L’usure est une logique financière qui permet à quelques hommes de faire du temps un commerce comme un autre : le temps peut se vendre ou s’acheter, comme n’importe quelle vulgaire denrée.
Cette logique financière favorise le riche sur le pauvre, et permet de concentrer les richesses sur une caste après quelques générations.
La domination financière de cette caste se mue en domination sociale.
Le caractère exponentiel de l’usure fait qu’à partir d’un moment, les concentrations de richesse s’accélèrent et la demande de croissance devient insoutenable.
Dans l’histoire, les corps lâches sous la pression de cette machine infernale et des pandémies servent parfois de fusible pour ralentir la cadence ; les écarts de richesse et le besoin effréné de croissance conduit souvent au chaos social, à des guerres civiles ou des guerres expansionnistes.
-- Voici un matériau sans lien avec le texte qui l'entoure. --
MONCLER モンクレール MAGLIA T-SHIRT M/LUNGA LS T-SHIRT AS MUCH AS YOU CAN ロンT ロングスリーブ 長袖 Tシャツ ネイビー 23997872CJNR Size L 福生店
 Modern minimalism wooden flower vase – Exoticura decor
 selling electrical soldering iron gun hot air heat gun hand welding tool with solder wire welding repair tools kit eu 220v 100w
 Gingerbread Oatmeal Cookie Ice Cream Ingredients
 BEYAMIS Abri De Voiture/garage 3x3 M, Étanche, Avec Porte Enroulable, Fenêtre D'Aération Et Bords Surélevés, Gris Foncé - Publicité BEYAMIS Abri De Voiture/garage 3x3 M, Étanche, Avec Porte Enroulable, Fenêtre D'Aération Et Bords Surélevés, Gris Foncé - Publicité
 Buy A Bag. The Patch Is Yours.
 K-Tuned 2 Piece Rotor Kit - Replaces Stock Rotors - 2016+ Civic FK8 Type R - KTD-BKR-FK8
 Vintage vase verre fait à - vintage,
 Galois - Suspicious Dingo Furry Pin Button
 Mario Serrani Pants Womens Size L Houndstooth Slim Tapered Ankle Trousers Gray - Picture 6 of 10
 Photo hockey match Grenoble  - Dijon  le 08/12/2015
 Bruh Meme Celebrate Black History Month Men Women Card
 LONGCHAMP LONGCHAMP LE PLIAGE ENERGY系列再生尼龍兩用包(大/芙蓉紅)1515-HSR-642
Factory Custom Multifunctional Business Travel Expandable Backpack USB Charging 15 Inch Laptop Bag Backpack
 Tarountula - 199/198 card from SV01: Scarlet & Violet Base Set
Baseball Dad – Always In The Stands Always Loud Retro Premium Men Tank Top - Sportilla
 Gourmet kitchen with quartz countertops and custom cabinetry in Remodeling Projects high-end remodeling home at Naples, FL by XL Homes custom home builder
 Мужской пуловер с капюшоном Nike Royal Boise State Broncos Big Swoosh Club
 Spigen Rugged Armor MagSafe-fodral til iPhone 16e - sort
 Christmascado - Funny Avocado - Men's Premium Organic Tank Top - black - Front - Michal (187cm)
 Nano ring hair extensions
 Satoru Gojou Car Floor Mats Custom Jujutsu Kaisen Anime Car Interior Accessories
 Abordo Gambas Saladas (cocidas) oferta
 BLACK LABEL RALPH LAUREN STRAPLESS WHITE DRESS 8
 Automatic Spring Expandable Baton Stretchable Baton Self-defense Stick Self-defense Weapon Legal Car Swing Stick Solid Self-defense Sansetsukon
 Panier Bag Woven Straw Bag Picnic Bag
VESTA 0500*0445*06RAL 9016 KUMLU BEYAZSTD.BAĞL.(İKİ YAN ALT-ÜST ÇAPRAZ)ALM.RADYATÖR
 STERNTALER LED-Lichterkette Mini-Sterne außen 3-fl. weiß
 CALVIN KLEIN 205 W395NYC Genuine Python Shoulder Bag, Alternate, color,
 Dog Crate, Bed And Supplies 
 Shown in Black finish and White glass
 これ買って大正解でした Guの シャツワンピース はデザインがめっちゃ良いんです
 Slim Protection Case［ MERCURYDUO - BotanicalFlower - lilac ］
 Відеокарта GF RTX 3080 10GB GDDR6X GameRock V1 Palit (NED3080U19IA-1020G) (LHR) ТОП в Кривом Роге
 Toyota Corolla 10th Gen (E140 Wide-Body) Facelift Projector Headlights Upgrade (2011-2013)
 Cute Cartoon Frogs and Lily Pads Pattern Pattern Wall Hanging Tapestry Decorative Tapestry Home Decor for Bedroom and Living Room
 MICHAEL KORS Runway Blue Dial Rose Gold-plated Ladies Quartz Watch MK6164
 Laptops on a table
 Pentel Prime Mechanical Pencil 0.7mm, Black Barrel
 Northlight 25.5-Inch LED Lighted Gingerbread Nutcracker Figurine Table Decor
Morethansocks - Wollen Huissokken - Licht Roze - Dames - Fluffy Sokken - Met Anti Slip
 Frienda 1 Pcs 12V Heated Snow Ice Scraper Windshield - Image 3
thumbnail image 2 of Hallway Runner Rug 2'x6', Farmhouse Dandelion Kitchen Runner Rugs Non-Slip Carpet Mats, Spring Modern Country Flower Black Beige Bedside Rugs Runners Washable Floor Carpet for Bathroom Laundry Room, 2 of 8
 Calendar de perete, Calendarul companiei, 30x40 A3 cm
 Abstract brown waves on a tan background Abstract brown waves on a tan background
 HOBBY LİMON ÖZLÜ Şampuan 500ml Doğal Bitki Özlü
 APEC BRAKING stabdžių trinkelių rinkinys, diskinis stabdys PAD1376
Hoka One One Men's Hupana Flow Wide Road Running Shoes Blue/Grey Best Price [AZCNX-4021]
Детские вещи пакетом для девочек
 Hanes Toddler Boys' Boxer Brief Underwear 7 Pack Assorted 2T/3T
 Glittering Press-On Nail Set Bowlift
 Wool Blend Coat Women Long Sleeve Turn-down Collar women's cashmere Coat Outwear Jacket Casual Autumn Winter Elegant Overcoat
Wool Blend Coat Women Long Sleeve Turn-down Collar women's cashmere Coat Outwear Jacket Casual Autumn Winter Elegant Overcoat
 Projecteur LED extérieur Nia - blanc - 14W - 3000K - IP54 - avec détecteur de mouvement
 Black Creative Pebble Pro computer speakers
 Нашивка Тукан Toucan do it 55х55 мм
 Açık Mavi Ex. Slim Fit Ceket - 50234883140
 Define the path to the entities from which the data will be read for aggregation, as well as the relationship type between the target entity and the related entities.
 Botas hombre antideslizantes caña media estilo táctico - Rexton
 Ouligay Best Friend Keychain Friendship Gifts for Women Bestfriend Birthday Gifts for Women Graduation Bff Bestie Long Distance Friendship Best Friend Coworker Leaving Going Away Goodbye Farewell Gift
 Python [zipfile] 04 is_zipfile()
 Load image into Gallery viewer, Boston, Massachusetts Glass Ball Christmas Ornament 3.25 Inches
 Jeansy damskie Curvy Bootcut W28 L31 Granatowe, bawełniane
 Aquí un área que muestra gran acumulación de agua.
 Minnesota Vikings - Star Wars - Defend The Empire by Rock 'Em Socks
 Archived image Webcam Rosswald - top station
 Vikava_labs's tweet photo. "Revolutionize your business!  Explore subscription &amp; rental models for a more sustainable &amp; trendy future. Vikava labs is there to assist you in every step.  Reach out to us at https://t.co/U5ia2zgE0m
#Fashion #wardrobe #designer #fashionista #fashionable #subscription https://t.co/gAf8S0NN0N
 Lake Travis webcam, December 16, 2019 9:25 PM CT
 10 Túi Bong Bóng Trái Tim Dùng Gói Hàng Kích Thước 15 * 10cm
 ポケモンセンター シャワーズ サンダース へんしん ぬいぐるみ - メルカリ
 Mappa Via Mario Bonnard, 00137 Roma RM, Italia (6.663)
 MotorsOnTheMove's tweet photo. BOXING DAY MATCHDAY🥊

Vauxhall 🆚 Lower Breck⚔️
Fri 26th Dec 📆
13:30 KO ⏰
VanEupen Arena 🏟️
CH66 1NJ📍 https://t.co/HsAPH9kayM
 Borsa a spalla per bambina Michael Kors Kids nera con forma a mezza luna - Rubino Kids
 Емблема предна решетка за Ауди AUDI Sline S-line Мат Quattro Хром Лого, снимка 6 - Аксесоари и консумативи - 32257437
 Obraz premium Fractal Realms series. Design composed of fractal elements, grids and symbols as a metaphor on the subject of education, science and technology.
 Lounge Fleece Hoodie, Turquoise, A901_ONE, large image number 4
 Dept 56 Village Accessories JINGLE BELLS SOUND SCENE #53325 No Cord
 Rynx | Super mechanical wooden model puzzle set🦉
Pour toutes ces raisons, nos sages des anciens temps ont dénoncé l’usure. Le plus célèbre d’entre eux étant Aristote.
Les trois religions monothéistes dans leurs Livres originels ont formellement interdit l’usure, jusqu’au XIIème siècle où certains hommes de religion décident de lever l’interdit. La tentation de dominer le monde est trop forte.
Des exégètes juifs vers le XIIème siècle vont définitivement statuer sur la licéité de l’usure, puis au XVIème siècle Calvin en fera de même. Il est excommunié par l’Eglise catholique et se réfugie dans le protestantisme. En étant les premiers religieux à avoir rendu légal l’usure, et en profitant du caractère exponentiel de l’usure, le monde judéo protestant prend une avance sur les autres Nations.
D’ailleurs, les premières banques centrales naissent dans le monde protestant dès la fin du XVIIème siècle. Jusqu’à aujourd’hui, ce n’est pas pour rien que les plus grandes places financières sont des places protestantes (Genève, Londres, New-York) et les plus grandes banques sont originellement fondées par des familles protestantes ou juives (JP Morgan, Goldman Sachs, etc.).
Il faut attendre le XVIIIème siècle en France, pour que les physiocrates, des économistes ultralibéraux défient à la fois l’Etat et l’Eglise catholique, en exigeant la libre circulation des marchandises, la non-intervention de l’Etat, et la légalisation sans limite de l’usure.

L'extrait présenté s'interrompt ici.